__Work instruction__. I would like every entry below written out exactly.

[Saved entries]
··········

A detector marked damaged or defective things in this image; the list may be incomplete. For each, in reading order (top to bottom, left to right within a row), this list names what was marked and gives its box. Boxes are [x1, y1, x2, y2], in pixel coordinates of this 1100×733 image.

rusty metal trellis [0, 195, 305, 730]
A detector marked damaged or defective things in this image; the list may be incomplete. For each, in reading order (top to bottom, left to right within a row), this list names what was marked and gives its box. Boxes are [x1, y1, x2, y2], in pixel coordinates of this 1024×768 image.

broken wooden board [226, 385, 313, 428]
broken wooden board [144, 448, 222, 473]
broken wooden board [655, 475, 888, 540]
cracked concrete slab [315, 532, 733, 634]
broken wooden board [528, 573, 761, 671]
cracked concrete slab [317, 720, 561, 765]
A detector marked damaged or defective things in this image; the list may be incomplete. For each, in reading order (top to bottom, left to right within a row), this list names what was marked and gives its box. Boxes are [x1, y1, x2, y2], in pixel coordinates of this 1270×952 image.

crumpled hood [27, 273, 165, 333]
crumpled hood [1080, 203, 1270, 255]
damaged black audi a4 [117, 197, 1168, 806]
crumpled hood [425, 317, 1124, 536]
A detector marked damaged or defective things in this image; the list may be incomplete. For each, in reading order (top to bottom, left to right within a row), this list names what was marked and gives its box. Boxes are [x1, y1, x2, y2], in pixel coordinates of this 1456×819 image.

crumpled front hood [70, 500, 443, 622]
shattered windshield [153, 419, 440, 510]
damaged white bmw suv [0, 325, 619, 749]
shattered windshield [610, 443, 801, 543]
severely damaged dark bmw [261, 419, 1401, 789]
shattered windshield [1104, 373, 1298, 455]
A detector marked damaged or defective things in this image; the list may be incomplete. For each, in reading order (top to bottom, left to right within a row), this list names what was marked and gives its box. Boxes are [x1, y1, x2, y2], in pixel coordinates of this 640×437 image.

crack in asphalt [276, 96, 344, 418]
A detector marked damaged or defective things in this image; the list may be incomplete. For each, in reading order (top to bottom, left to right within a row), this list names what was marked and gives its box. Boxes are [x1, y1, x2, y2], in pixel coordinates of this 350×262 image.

··········

__Answer to the exercise__.
A detector marked damaged or defective things in this image; the list may be incomplete. For each, in reading order (top to bottom, left to right within a row), this list names what was marked and gives its box. Boxes are [x1, y1, x2, y2], in pixel coordinates of this 1100×733 image.

rusty metal trellis [0, 195, 305, 730]
A detector marked damaged or defective things in this image; the list may be incomplete. For each, in reading order (top to bottom, left to right within a row), this list names what was marked and gives its box. Boxes are [x1, y1, x2, y2], in pixel coordinates of this 1024×768 image.

broken wooden board [226, 385, 313, 428]
broken wooden board [144, 448, 222, 473]
broken wooden board [655, 475, 888, 540]
cracked concrete slab [315, 532, 733, 634]
broken wooden board [528, 573, 761, 671]
cracked concrete slab [317, 720, 561, 765]
A detector marked damaged or defective things in this image; the list may be incomplete. For each, in reading order (top to bottom, left to right within a row), this list names what was marked and gives its box. Boxes are [x1, y1, x2, y2], in pixel coordinates of this 1270×952 image.

crumpled hood [27, 273, 165, 333]
crumpled hood [1080, 203, 1270, 255]
damaged black audi a4 [117, 197, 1168, 806]
crumpled hood [425, 317, 1124, 536]
A detector marked damaged or defective things in this image; the list may be incomplete. For each, in reading order (top to bottom, left to right within a row), this list names what was marked and gives its box. Boxes are [x1, y1, x2, y2], in pixel coordinates of this 1456×819 image.

crumpled front hood [70, 500, 443, 622]
shattered windshield [153, 419, 440, 510]
damaged white bmw suv [0, 325, 619, 749]
shattered windshield [610, 443, 801, 543]
severely damaged dark bmw [261, 419, 1401, 789]
shattered windshield [1104, 373, 1298, 455]
A detector marked damaged or defective things in this image; the list may be incomplete. For each, in reading order (top to bottom, left to right within a row), this list names what was marked and gives its box. Boxes are [x1, y1, x2, y2], in pixel coordinates of this 640×437 image.

crack in asphalt [276, 96, 344, 418]
A detector marked damaged or defective things in this image; the list may be incomplete. For each, in reading order (top to bottom, left to right within a row), this list names what was marked and gives its box. Boxes are [x1, y1, x2, y2], in pixel coordinates of this 350×262 image.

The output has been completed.